If my perception is limited to the space where I am, it is even more strongly bound to a certain moment in time. Space can still be partially overcome by the displacement of the body, which, in another place, will see other things and not these. But time is invincible. What sensitized my retina yesterday, coming from outside, today can only be produced from within, reproduced in the imagination, and not without some effort. The delightful scenes of yesteryear, lived as a free gift from reality to our senses, can now only be relived as our work, by an act of will that resolves to go in search of lost time with the reconstructive commitment of a Proust. Likewise, what will happen tomorrow cannot be perceived now as a fact, but only conceived and projected from within, as hopeful or fearful conjecture.
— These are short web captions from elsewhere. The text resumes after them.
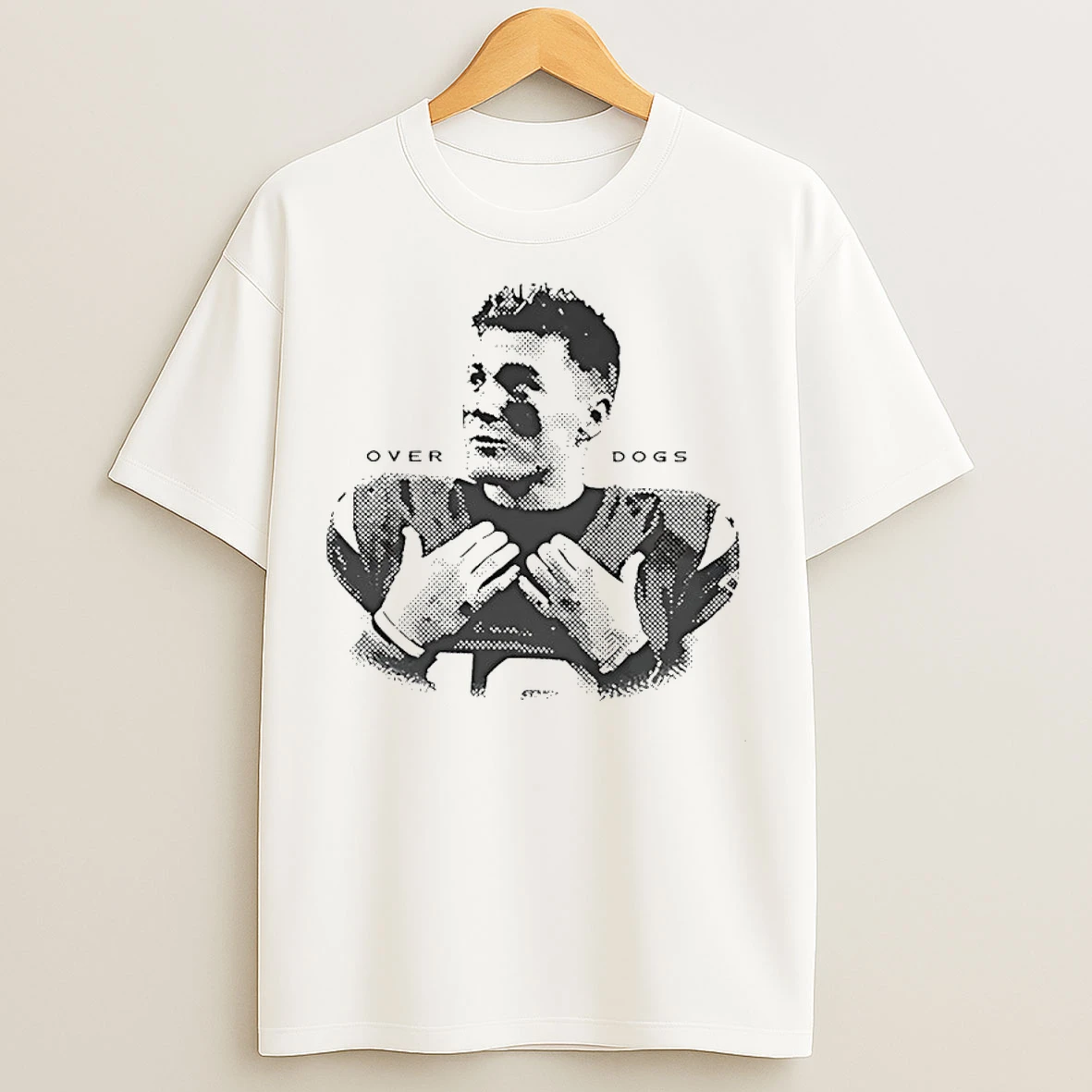 Classic Bo Nix Denver Broncos Overdogs Box T Shirts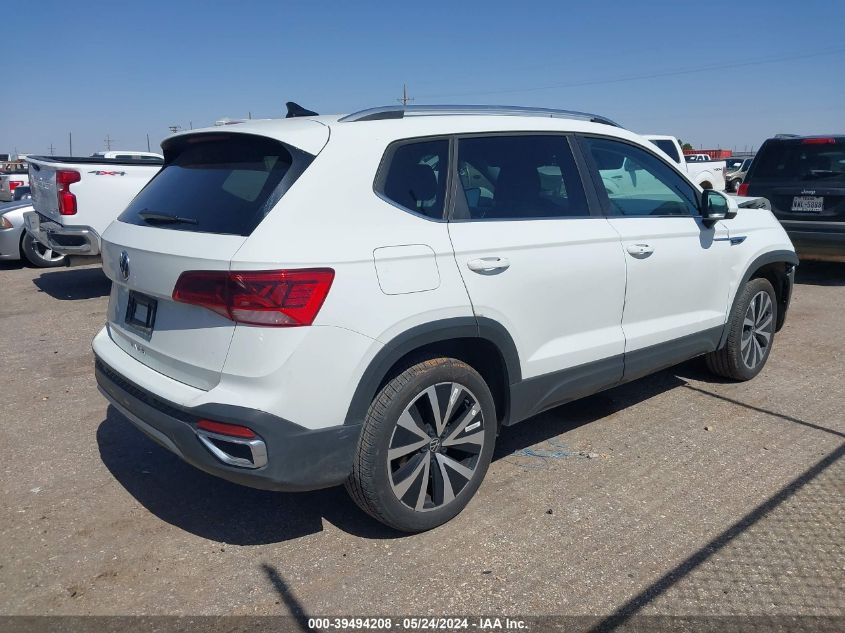 2024 Volkswagen Taos 1.5T Se VIN: 3VVSX7B25RM007873 Lot: 39494208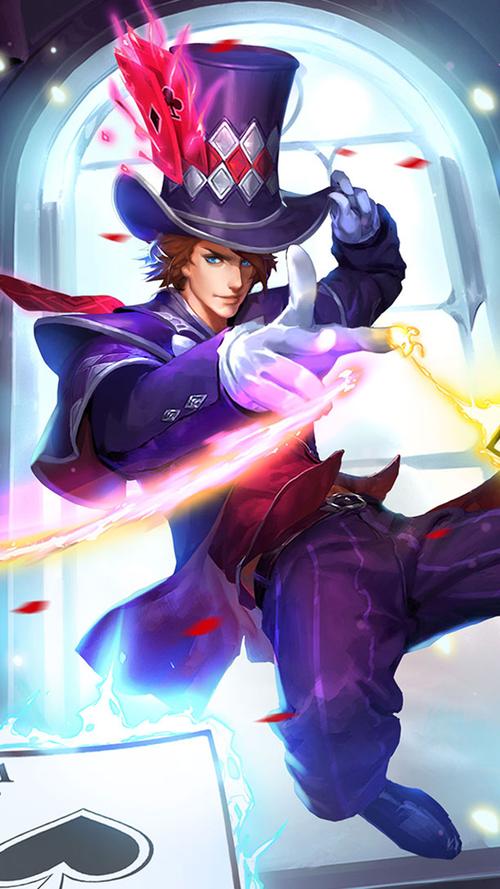 王者荣耀狄仁杰壁纸下载 狄仁杰高清壁纸大全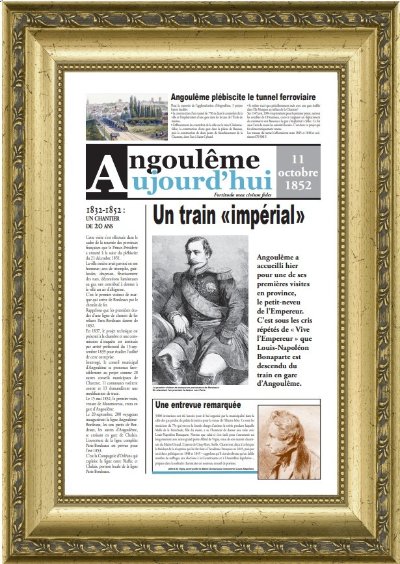 Exposition - Retour sur les unes de la presse locale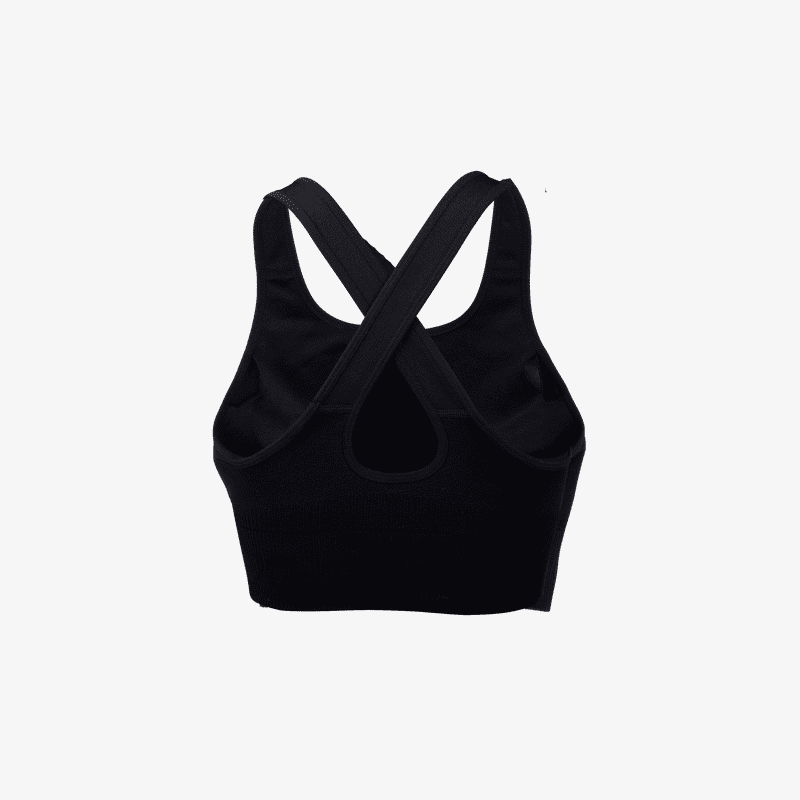 Salming - Seamless Sports bra - black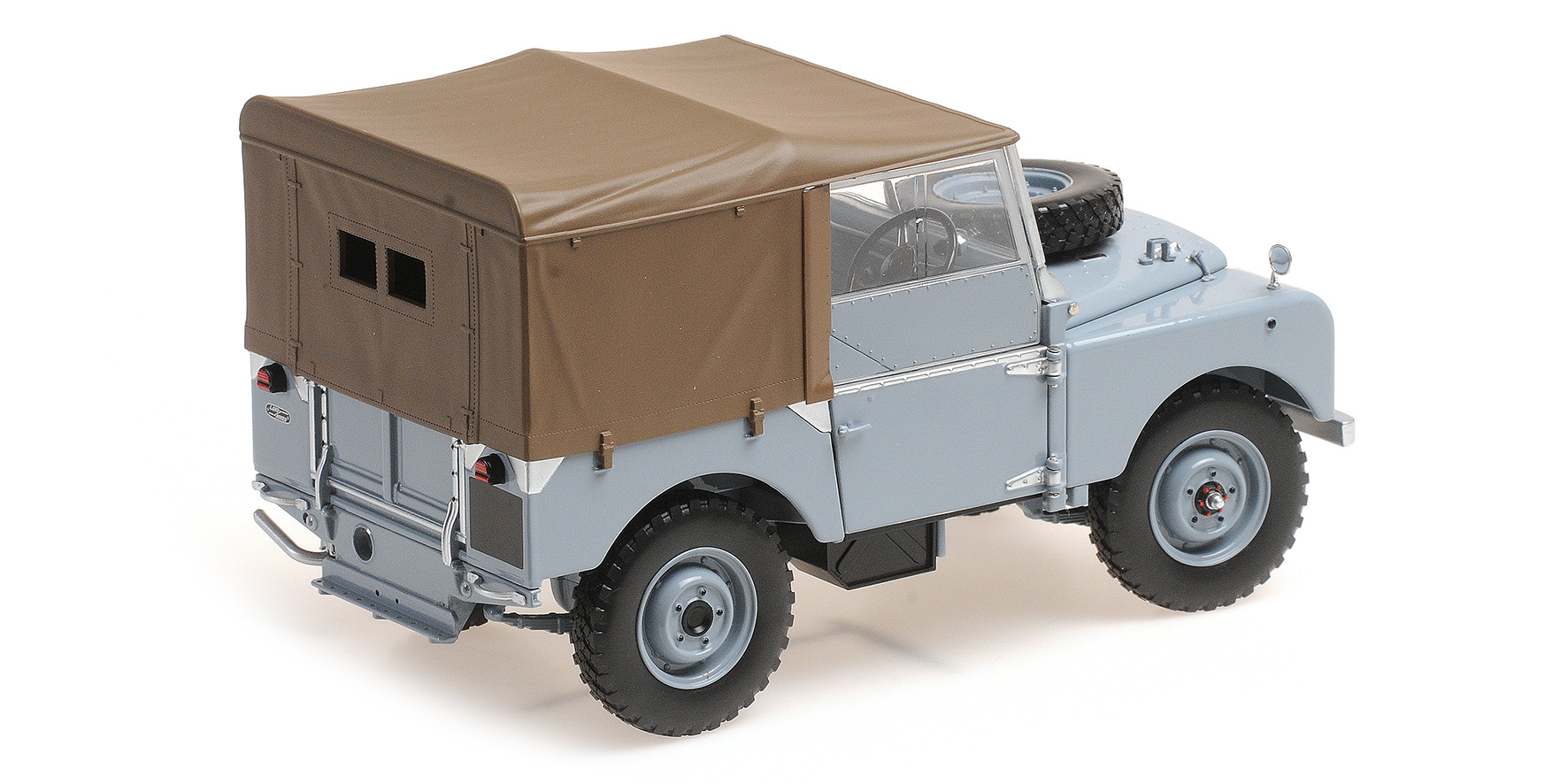 LAND ROVER - 1948 - GREY
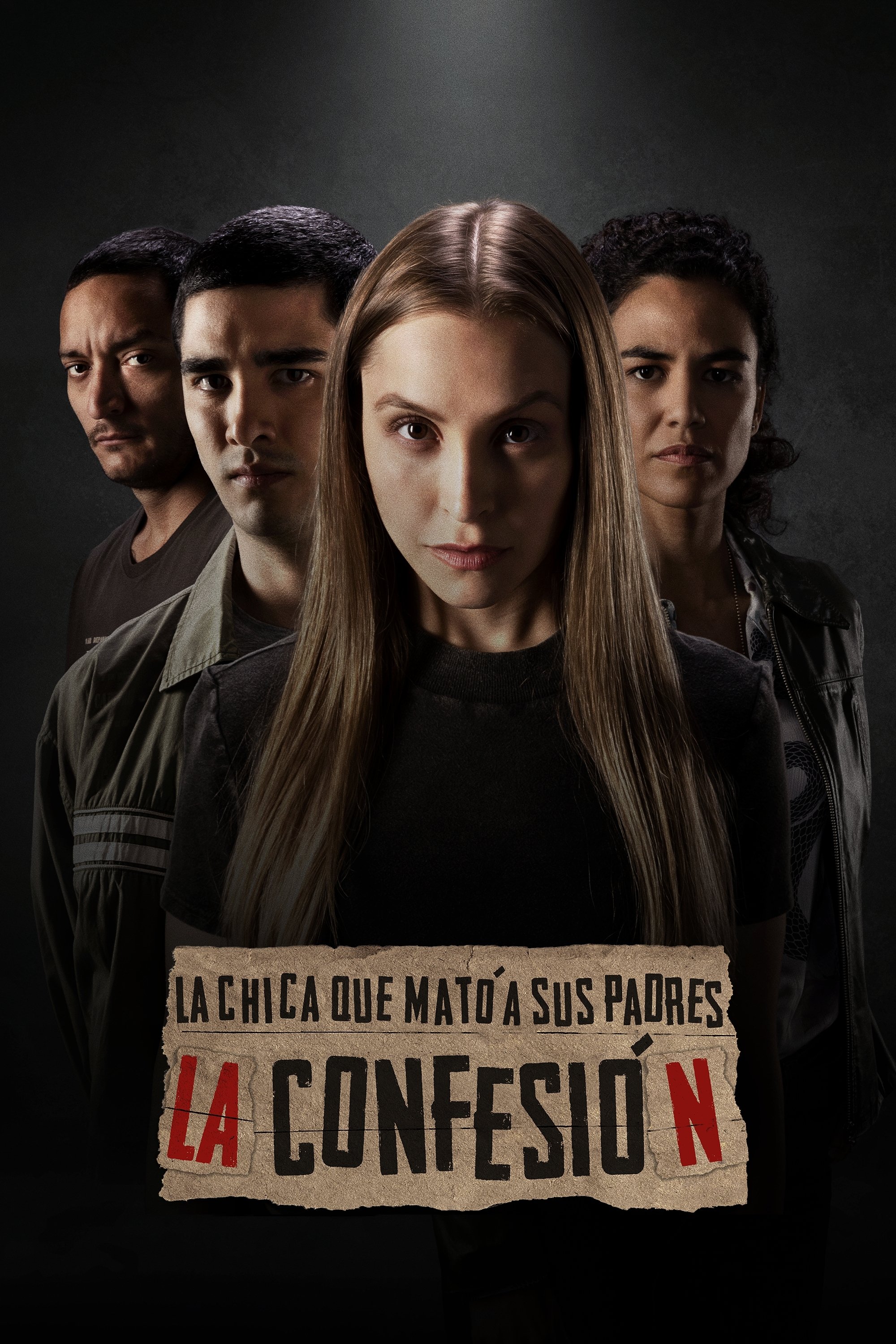 Poster de A Menina Que Matou os Pais: A Confissão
However certain and inevitable the future may be, an announcement will never have the massive presence of the accomplished fact; and whether it is good or bad, it will always be accompanied by the fear or desire—possibility, in short—that things may turn out differently.n In contrast, the present, which could have been different a moment ago, can no longer be so now: it is fixed forever; having happened, it cannot unhappen.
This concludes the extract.